The Faculty Council, UNC School of Law, School of Education, School of Library Science and Institute for the Arts and Humanities have each been vocal in condemning the deal — as have other departments including history, anthropology, communication, Asian studies and African, African American and Diaspora studies. The Council of Chairs of the College of Arts and Sciences also responded.
Students and faculty have used statements to make requests for things including reparation payments, the retraction of the deal and the resignation of Chancellor Guskiewicz. There has also been a call to increase funding and support for The Office of Diversity and Inclusion and other campus programs celebrating Black identities.
History professor Benjamin Waterhouse said the Silent Sam settlement deal condones the miseducation of the entire state of North Carolina, especially on historical events and issues of race.
“We see ourselves as a part of a University with a profound public mission,” Waterhouse said.
Waterhouse said that a wide constituency of faculty and UNC community members should have been consulted on the BOG decision. Had a more diverse and representative group been included in the decision, he said, there might have been a different outcome.
In December, the Department of History faculty held a meeting to draft the statement and vote. Votes came from professors on the tenure track, but did not include graduate student staff. The released statement does not have specific signatories, Waterhouse said, but reflects the opinion of the department as a whole.

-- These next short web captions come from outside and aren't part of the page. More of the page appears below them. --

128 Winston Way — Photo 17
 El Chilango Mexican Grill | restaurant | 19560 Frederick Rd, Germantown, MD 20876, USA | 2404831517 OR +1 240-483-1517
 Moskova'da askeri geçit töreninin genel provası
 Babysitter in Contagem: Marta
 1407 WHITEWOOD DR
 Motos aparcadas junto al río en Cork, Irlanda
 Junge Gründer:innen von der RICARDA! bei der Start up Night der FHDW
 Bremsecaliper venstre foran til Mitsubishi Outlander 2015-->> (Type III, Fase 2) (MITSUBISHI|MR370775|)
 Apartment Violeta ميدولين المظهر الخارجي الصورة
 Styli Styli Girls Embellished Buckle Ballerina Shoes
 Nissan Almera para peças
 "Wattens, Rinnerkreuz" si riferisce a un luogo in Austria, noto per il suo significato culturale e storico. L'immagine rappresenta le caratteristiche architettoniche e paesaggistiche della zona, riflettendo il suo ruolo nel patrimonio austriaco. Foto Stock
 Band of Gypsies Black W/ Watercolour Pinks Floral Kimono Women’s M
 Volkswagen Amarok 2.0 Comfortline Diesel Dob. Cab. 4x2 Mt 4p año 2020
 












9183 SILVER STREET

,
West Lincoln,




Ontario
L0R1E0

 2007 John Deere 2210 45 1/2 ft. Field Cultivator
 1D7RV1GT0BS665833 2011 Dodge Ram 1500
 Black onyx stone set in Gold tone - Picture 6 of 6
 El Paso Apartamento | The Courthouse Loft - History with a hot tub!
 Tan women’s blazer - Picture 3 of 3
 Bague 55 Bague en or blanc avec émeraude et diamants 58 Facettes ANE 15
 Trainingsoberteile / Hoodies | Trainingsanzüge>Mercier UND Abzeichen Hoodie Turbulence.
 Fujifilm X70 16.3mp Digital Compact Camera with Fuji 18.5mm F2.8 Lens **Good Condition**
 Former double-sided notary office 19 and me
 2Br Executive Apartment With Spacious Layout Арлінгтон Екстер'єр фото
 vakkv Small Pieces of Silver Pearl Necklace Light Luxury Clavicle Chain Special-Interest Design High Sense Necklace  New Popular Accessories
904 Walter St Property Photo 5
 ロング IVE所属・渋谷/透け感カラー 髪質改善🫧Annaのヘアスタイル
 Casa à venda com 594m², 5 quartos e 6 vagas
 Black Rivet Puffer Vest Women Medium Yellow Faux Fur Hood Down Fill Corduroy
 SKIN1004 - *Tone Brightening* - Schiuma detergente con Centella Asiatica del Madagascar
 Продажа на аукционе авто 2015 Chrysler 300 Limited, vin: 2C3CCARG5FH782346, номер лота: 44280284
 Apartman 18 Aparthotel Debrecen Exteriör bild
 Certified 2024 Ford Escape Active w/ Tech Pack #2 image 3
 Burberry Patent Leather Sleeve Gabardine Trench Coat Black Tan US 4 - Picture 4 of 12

Waterhouse and his colleagues, he said, want to lend their voice to the settlement conversation in their particular position as historians. The view of the Department of History is rooted in the misapplication of history by the SCV, he said.
“The basic historical concern that we have is the Confederate tendency — a view held by the Sons of Confederate Veterans — to represent the Civil War as something other than a war about slavery,” he said.